Liquid eye liners can tend to look harsh. Pencil liners often tug too hard at my eyes, except for Victoria Jackson's in brown and Elizabeth Arden's in "Umber," a smooth yet seductive brown ($14). Most often, I work with some of my deepest eyeshadow as a liner, using a brush with tiny bristles for a fine or slightly smudged look. It is important to remember that liner is meant to frame the eyes. In order to achieve a subtle effect, line as closely to your lashes as possible to give the illusion of thicker lashes. A sponge is helpful to soften and smudge, as well as correct any mistakes. For extra definition, stipple, or dot, the liner between the lashes (careful here if you tend to have dark circles or puffiness under your eyes).
For mascara, Lancome's Definicils mascara in black separates, defines, lengthens, and colors (approximately $16). Rimmel's mascara (surprisingly only around $3 at WalMart exclusively) adds body, length, and color. For a situation when you know you'll be wearing makeup for many hours, be exposed to the elements, or view a sad movie, nothing beats Cover Girl "Marathon" Mascara (also $6 or less). The only item more important than mascara for me is an eyelash curler. If you're not favored with long, spiral lashes, I suggest using one. It goes a long way toward creating the sought-after "come-hither" look.
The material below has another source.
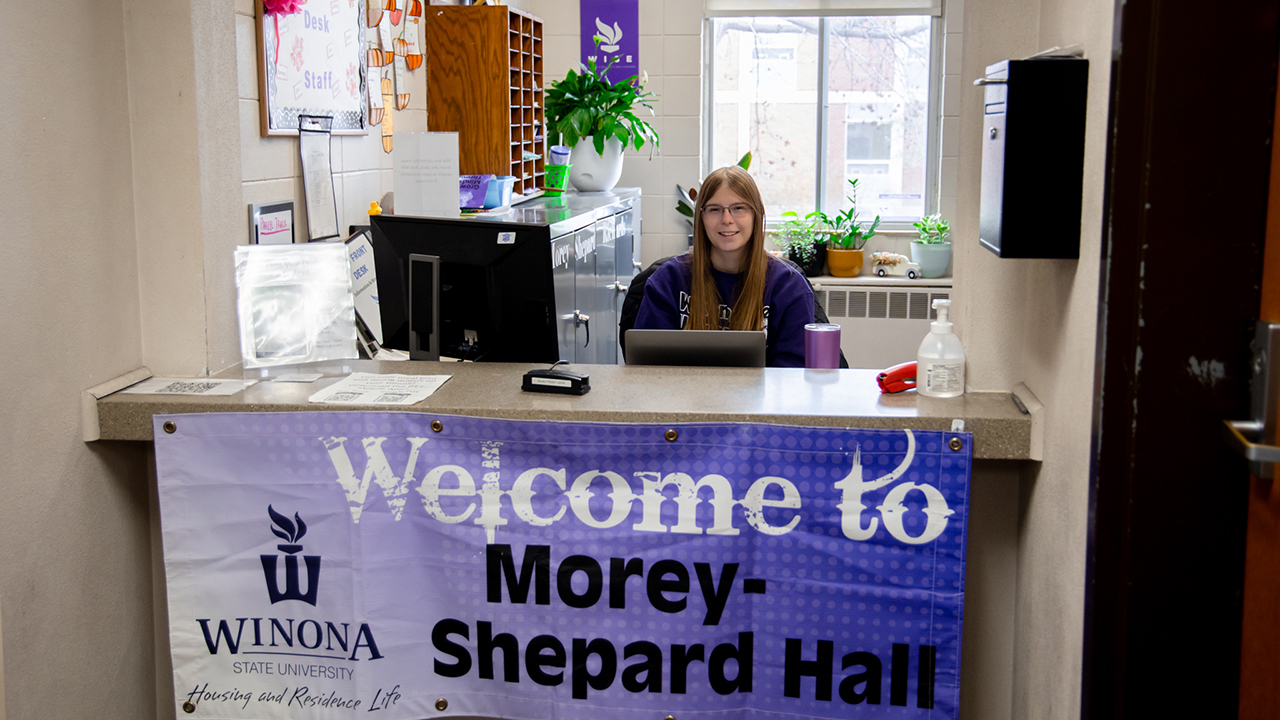 Front desk of Morey-Shepard Hall with sign that reads "Welcome to Morey-Shepard Hall."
This is the "year of the brow." Not bushy, as a teenage Brooke Shields in Endless Love, but more sophisticated and manicured. I recall a friend telling me long ago that "women should keep the shade they were born with; natural colors are best." My friend's advice was correct. I only tweeze stray hairs between my brows or unruly ones on the browbone. Use a pencil in the same shade as your brows, utilizing tiny, short strokes to fill in any sparse areas. A colorless brow groomer is important to me; if I want to truly give my small eyes a more "wide awake" appearance, I brush upward, and the difference is amazing.